-
Notifications
You must be signed in to change notification settings - Fork 4.1k
kv: operations on a range can stall during lease changes when under heavy load #32367
Description
Description
When a lease range is under very heavy load and a lease change occurs, throughput on the range can stall for minutes at a time. It seems like requests which pile up are too high to
To Reproduce
The stall was observed while running the kv workload at high concurrency on large machines. The stall can be reliably reproduced with the following steps:
- Set up CockroachDB with 3 database nodes on large nodes (I was using 64 core, doesn't seem to really reproduce on 4 core machines)
- Put load on the cluster using the following workload:
roachprod run ${CLUSTER}:4 -- ./workload run kv '{pgurl:1-3}' --init --read-percent=95 --concurrency=1024 - While the cluster in under load, execute the following SQL command to trigger lease change:
ALTER TABLE kv.kv SCATTER; - Watch throughput tank and the command hang
Expected behavior
The scatter should complete in a timely manner and the throughput should not be adversely affected for a long period of time.
Additional data / screenshots
The hypothesis is that when load is to high, by the time the newly elected leader catches up to recognize that it is the leader, there are too many outstanding requests for it to catch up. Adding backoff in DistSender when NotLeaseHolderError is encountered seems to resolve the problem. The below small diff has been verified as resolving the problem for the above reproduction steps.
diff --git a/pkg/kv/dist_sender.go b/pkg/kv/dist_sender.go
index 1ccf87b11a..8822551bdd 100644
--- a/pkg/kv/dist_sender.go
+++ b/pkg/kv/dist_sender.go
@@ -1324,6 +1324,7 @@ func (ds *DistSender) sendToReplicas(
}
br, err := transport.SendNext(ctx, ba)
+ r := retry.StartWithCtx(ctx, ds.rpcRetryOptions)

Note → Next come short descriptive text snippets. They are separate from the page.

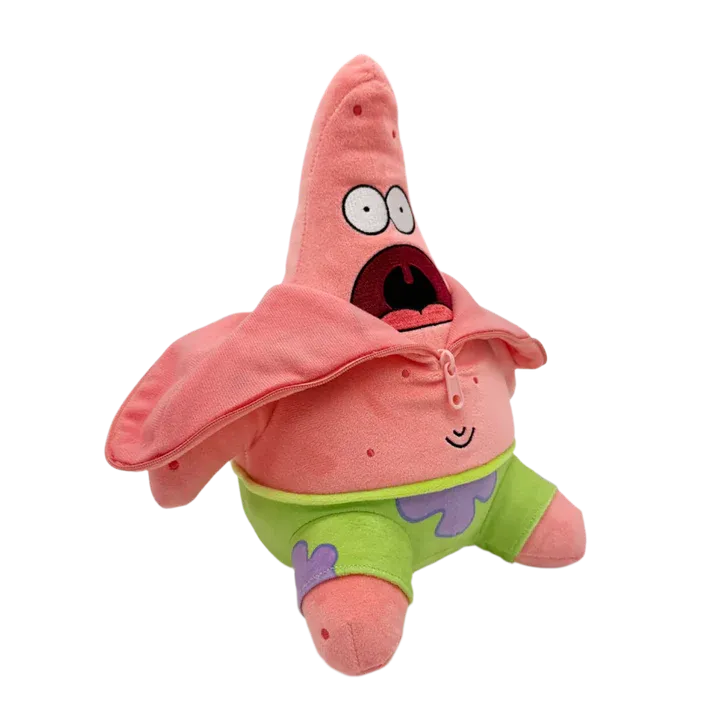 Spongebob Squarepants: Peeled Patrick Plush: 9": YouTooz YouTooz
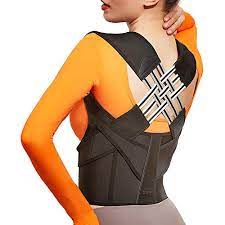 Photo 1 of Posture Corrector For Women & Men, Caretras Back Brace & Shoulder Brace With Lumbar Support, Adjustable Breathable Back Support For Improving Posture & Back Pain Relief (XL 35''-39'')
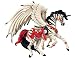 MOONLIGHT SILVER ~ Nene Thomas Carousel Horse ~ Fantasy Couture Ornament Figurine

// This loop will retry operations that fail with errors that reflect
// per-replica state and may succeed on other replicas.
for {
@@ -1388,6 +1389,7 @@ func (ds *DistSender) sendToReplicas(
// via the NotLeaseHolderError or nil error paths, both of which update the
// leaseholder cache.
case *roachpb.NotLeaseHolderError:
+ r.Next()
ds.metrics.NotLeaseHolderErrCount.Inc(1)
if lh := tErr.LeaseHolder; lh != nil {
// Update the leaseholder cache. Naively this would also happen when the
@tbg, @nvanbenschoten mentioned you were making changes here recently and might want to take a look.
Environment:
- CockroachDB version v2.2.0-alpha.00000000-2316-ga25f97f
- Server OS: Ubuntu 16.04
- Client app: workload
- Server: GCE n1-standard-64 machines
Additional context
The problem was initially thought to relate to #22837 but this seems to be more somewhat more specific.